Puentes desde las notas que la pasión improvisa hasta las páginas, desde París a Buenos Aires y desde Barracas a New Orleans. Puentes por donde supieron pasearse Julio Cortázar, Charlie Parker y Raúl Gustavo Aguirre. Abelardo Castillo y una desesperada trompeta anónima que suena como un alfilerazo de oro, Juan Sasturain y Lennie Tristano, Paco Urondo de la mano de Jim Hall. Ilustración: Julio Ibarra.
Desde hace tiempo, los buenos músicos argentinos de jazz suenan como nadie en la tierra. Hay quienes incorporan materiales provenientes del tango, del folklore o del rock nacional en diversa medida y manera, y hay quienes construyen músicas más abstractas; hay quienes componen sus propios temas y quienes tocan standards o convierten en tales a las composiciones de Piazzolla o de Spinetta, por ejemplo. Pero todos -sin necesidad de caer en obviedades ni demagogias- suenan a este rincón del mapa y de la historia. La destreza instrumental es sólo un punto de partida; la comunicatividad, la búsqueda, son aventuras emprendidas con esa excelencia técnica como herramienta y bagaje. Tal ha sido el desarrollo de esta música, que una lista de nombres insoslayables puede resultar tarea condenada al fracaso, rápidamente desactualizada por el surgimiento de alguna nueva estrella para sumarse a quienes vienen sonando. Músicos que construyen mundos sonoros complejos, originales y autónomos, tan lejanos al calco esmerado como irreductibles al catálogo de las influencias. Resulta además destacable que no estemos ante una movida limitada al microclima porteño. Puede afirmarse que hemos llegado al jazz. Ahora sí. Pero la literatura argentina llegó primero.
Ventarrón
Tal vez el jazz aparezca por primera vez en la literatura argentina con un poema en prosa de Raúl González Tuñón: "Jazzband", incluido en La calle del agujero en la media (1930). Y si bien los tópicos del exotismo están presentes en él, se trata de un poema que adelanta en más de veinte años el pulso escritural de la beat generation estadounidense: "Entremos al bar, la noche está afuera, como el mar. El bar parece un puerto. Yo vi sus luces rojas desde lejos. La noche se tendía a sus pies como un animal herido. Allá arden las avenidas gritando letreros luminosos al espacio infinito (...). El hombre que tenía alma de prestamista, corazón de catedrático, gestos de procurador, está caído contra las piedras de la calle. Me habló de Kant y le eché cocaína en su sopa (...). El jazz, latiendo su sonido irregular, loco, sobre la tarima, es el corazón del tiempo".

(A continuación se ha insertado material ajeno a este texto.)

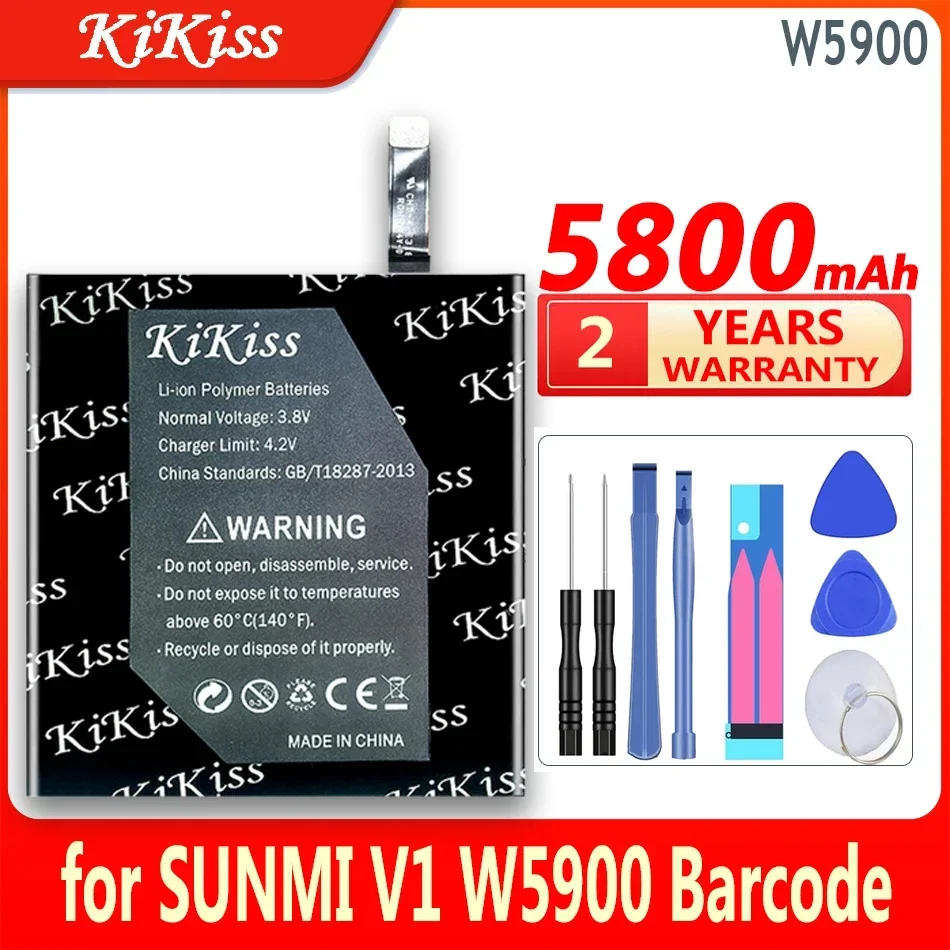 

Аккумулятор большой емкости KiKiss 5900 5800 мач для SUNMI V1 W5900, батарея со штрих-кодом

Una letra de tango -con no pocos ecos de la "Sinfonía en gris mayor" de Rubén Darío- cita al jazz. Se trata de "Aquella cantina de la ribera", de José González Castillo: "Todas las pobres barcas sin rumbo,/ que hacia las playas arrastra el mar/ bajo los cuatro vientos del mundo/ y en la tormenta de una jazz band".
A mediados de los años 50, fresca aún la muerte del revolucionario saxofonista Charlie Parker, co-creador del estilo conocido como bebop, el poeta Raúl Gustavo Aguirre escribió un poema en su memoria titulado "Jazz de verano": "Un hombre que sostuvo/ que sostuvo y sostuvo/ en el fondo de un vaso un sonido sin fin/ para que nadie nunca nunca más esté solo".
A inicios de la década siguiente, Paco Urondo festejó en otro poema al rey de los guitarristas: "Jim Hall destroza la noche de El Bajo,/ disimula la tristeza pesada de estar entre nativos;/ la vergüenza de ser del sur/ los parientes pobres; la sorpresa imposible/ de reconocer al mundo en otros lugares, en otros sueños,/ en otro alcohol de la gente. Los nativos olvidan las injurias/ y admiran la ternura del jazz y aman, todavía".
Cuentan que Ella Fitzgerald y Jim Hall, después de tocar en los grandes teatros para los platudos y los ávidos de figuración, iban a boliches como el Jamaica a seguirla entre los más fanáticos. Cuentan que en una de esas mesas se codeaban, admirados, Paco Urondo y Mario Trejo. Cuentan que la poesía estaba en el aire.
All the things you are
Hasta aquí, antecedentes, pioneros meritorios. No más. Porque hablar de jazz y literatura en Argentina es hablar de Julio Cortázar. Por sus libros collage -La vuelta al día en ochenta mundos y Último Round- andan sentidas, ingeniosas celebraciones del pianista Thelonious Monk, el trompetista Clifford Brown y el cantante, trompetista y showman Louis Armstrong. En Rayuela -plagada de señalamientos y contraseñas culturales que bordean el abismo de la pedantería si es que no se lanzan gozosamente a él- abundan las citas de jazz: el omnipresente Dippermouth Armstrong (apodado así por sus apetitos prodigiosos de comida, de mujeres, de hierba), el compositor y director de orquesta Duke Ellington, su saxofonista Johnny Hodges, los pianistas Jelly Roll Morton, Earl Hines (uno de los favoritos de Cortázar) y Horace Silver, el cornetista Bix Beiderbecke, el saxofonista Sonny Rollins... Y siguen nombres. Eso sí, alternándose con los de compositores contemporáneos de música -Arnold Schönberg, Iannis Xenaxis-, artistas plásticos -Paul Klee, Mondrian-, literatos como el poeta surrealista René Crevel y el dramaturgo, novelista y poeta Samuel Beckett. Como si se quisiera dejar bien claro que el autor y sus criaturas no en vano se cuentan entre los iluminados habitantes de la ciudad luz. O como para reconocerle al socarrón Borges que el snobismo es la más auténtica pasión argentina.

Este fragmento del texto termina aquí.